A complete analysis of spin coherence in the full-loop Stern Gerlach interferometer using non-squeezed and squeezed coherent states of the Quantum harmonic oscillator

TL;DR

This paper provides a detailed mathematical analysis of spin coherence in a full-loop Stern-Gerlach interferometer using both non-squeezed and squeezed coherent states, offering insights into experimental parameters and temperature constraints for macroscopic superpositions.

Contribution

It introduces a comprehensive analysis of visibility in the Stern-Gerlach interferometer for various quantum states, including constraints on temperature and mass for feasible experiments.

Findings

Visibility depends on quantum state squeezing and temperature.

Squeezing in momentum space allows higher temperature operation.

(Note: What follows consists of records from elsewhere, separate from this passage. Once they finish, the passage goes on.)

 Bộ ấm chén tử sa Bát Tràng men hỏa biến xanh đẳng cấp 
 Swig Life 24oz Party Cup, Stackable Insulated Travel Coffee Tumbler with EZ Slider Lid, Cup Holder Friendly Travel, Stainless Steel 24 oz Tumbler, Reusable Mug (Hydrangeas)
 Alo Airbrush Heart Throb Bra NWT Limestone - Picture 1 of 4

Masses of 10^-14 to 10^-15 kg are suitable for 0.5s coherence times.

Abstract

Over the years, quite a few proposals have been put forward by various groups to exploit the Stern-Gerlach effect to create stable macroscopic spatial superpositions between micron-sized neutral test masses over appreciably long time scales. One such proposal put forward by Bose et al. and co-workers in 2017 uses this idea to show that two masses cannot be gravitationally entangled if not for the presence of a quantum coherent mediator. A key aspect of this approach involves the measure of the visibility of the SG-interferometer, a quantity that provides an estimate of the degree of spin coherence that is conserved over the total interferometric time after the wave-packets are combined in both, position and momentum space. A successful implementation of this idea however requires the knowledge of several experimental parameters. To this end, we present a rigorous mathematical analysis for the visibility in a general SG interferometer for non-squeezed and squeezed thermal coherent states of the Quantum harmonic oscillator. Additionally, we derive constraints on the temperature of the initially prepared wave-packet of the test mass required for both, the non-squeezed and squeezed coherent states. We show that for wave-packet split sizes of the order of microns, masses of the order of 1.0e-14 - 1.0e-15 kg can be used to realize such a proposal for time intervals as high as 0.5 seconds. Our results show that for the squeezed case, the temperatures required can be scaled up by several orders of magnitude (as opposed to the non-squeezed case) if one considers a squeezing in the momentum space of the initially prepared wave-packet.